TASK TO CARRY OUT: For this exercise, copy exactly the lines below from the one with "Inside there is" through the one with "Let's talk about" and leave out the pictures.

SOURCE RECORDS:
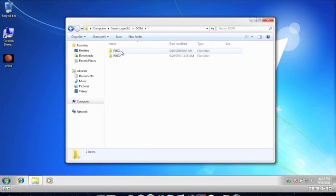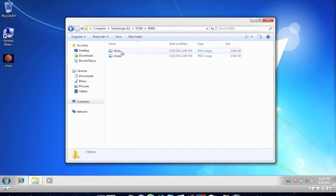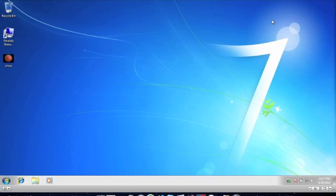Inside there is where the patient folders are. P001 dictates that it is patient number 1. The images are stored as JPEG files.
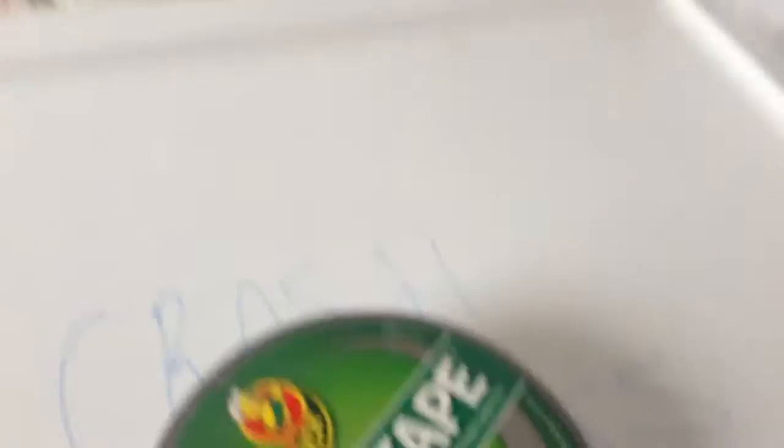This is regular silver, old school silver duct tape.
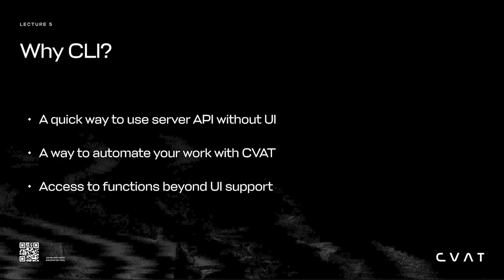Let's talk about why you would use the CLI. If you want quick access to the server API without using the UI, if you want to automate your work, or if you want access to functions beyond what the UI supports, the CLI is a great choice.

--

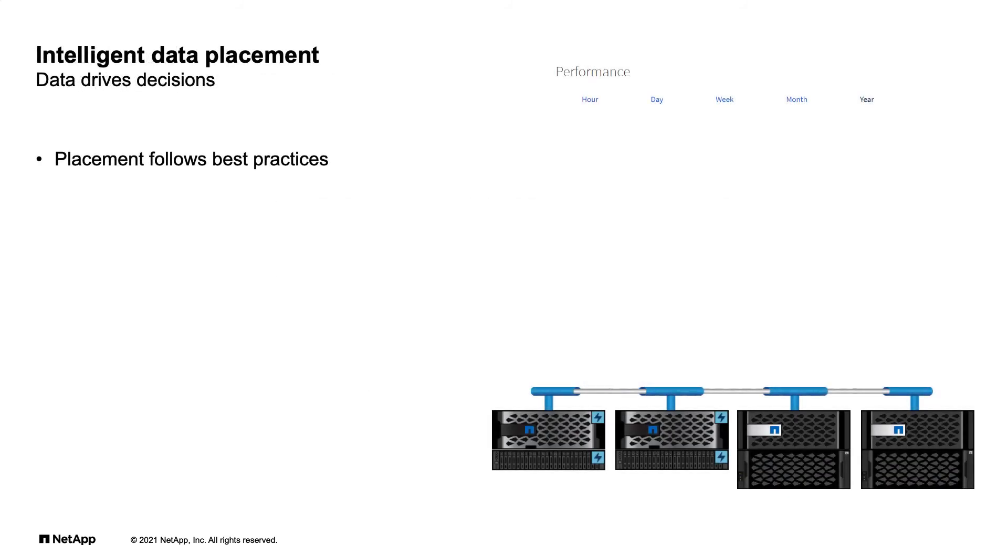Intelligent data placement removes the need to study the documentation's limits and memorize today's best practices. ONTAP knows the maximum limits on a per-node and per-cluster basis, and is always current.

RESPONSE TO THIS EXERCISE:
Inside there is where the patient folders are. P001 dictates that it is patient number 1. The images are stored as JPEG files.
This is regular silver, old school silver duct tape.
Let's talk about why you would use the CLI. If you want quick access to the server API without using the UI, if you want to automate your work, or if you want access to functions beyond what the UI supports, the CLI is a great choice.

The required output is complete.